How do we know about electrons if they are so tiny?

First of all that's a great question. How do we know about electrons if they are so tiny and small? We had to have discovered them at some point in history in order to know about them now; but when? And how? What experiments were tested to come to the conclusion that there are many little negatively charged particles buzzing around an atom?

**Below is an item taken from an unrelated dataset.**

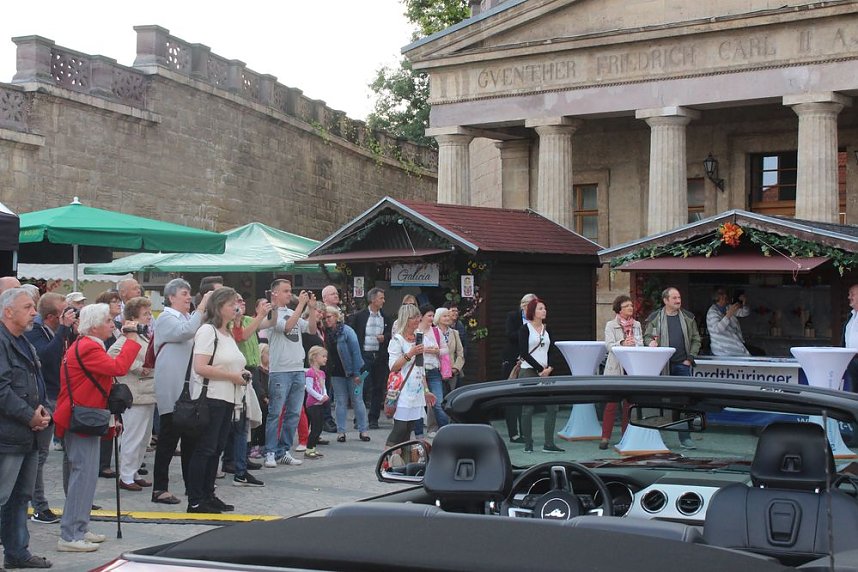 Weinprinzessin Shantel I. gekr&ouml;nt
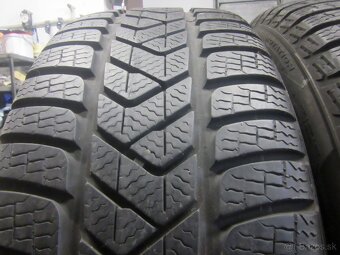 Zimné pneumatiky 225/40R19 PIRELLI - 2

To explain this simply, we know about electrons because of protons.

To explain not-so-simply:

Ever since J.J. Thomson's model of the atom back in 1897, probably even before that, scientists have known that atoms have to be composed of negatively and positively charged particles. In Thomson's model the particles were scattered throughout the atom's mass in a random order like berries in a berry muffin. Later on Rutherford speculated that the nucleus of an atom is positively charged (and he remains to be proven wrong) while the matter surrounding the center is negatively charged. While he was correct in both cases he was still missing the vital fact that the negative matter surrounding the center is moving. The particles surrounding the nucleus are electrons. Electrons pop in and out of the shells that they orbit inside of around the nucleus at random. One minute they are there, the next they could be across the universe for all we know. (That just shows you haw limited our knowledge of the universe is.) Anyway after Niels Bohr James Chadwick changed the atom model forever with his amazing addition; the the neutron.

So by knowing that the nucleus is positively charged and by knowing that atoms are normally neutrally charged we must conclude that a particle such as the electron must exist in order to balance out the electromagnetic charge.